Anodising is a widely used treatment method for aluminium. The name is derived from 'anodic oxidation', as the process was called in the early days. But what does anodising do and how does the process work? And where is anodised aluminium used? Discover this and more in this blog!

Anodising is the name for a treatment method of  aluminium in which an electrochemical process is used to form an oxide layer on the material. This allows the oxide layer to form a protective layer on the aluminium. What is unique, is that no additional layer is applied to the aluminium during anodising. Anodising creates a layer that is built up from the existing aluminium. The oxide layer is fully integrated in the material and forms a strong molecular compound.

Anodising: various thicknesses for various applications

The anodisation can take place in different layer thicknesses, depending on the desired application of the material. A distinction is made here between layers of 5, 10, 15, 20 and 25 microns. Applications in indoor locations already comply with a layer thickness of 5-10 microns. For external locations, a thickness of 15 to 20 microns usually applies. The extreme, 25 microns, is used in operations where endurance is high in terms of the environment. Think of use along the coast, where the salty sea air exerts influence, or in industrial environments where many heavy chemicals are used.

Benefits of anodising

Why would you anodise aluminium? The main reason for anodising is to protect the aluminium. Thanks to the process, corrosion resistance increases and the material retains its appearance for longer. Anodising creates a hard, wear-resistant layer that properly protects the underlying aluminium. That in turn is positive in terms of aluminium's durability making it an extremely durable building material.

The oxide layer is not purely for protection: the decorative value should also not be forgotten. Anodisation also means that aluminium can take on various colours. Certain pre-treatments can also be applied to enhance the material.

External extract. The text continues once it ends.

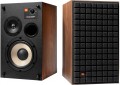 JBL L52 Classic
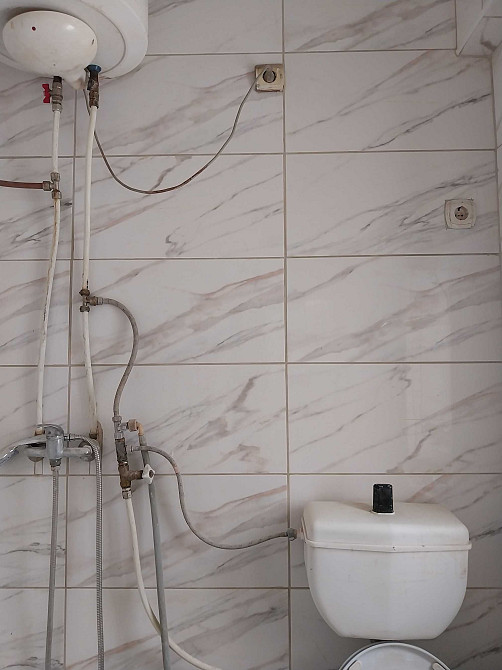 Квартира в центрі міста Чернівці - зображення 1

Cleaning anodised aluminium

It is extremely important to be very careful when cleaning anodised aluminium. pH neutral detergents should be used when doing so as they do not affect the anodised material. The main advantage of anodised aluminium is its low maintenance requirement. Under normal circumstances, where the material is naturally cleaned by rain and is not in a heavy industrial environment, one-off annual cleaning is enough. Under more extreme conditions it is recommended that the aluminium is cleaned twice a year.  

All in all, anodising ensures that we can enjoy aluminium for longer. It provides a durable and resilient material, suitable for many applications around the world.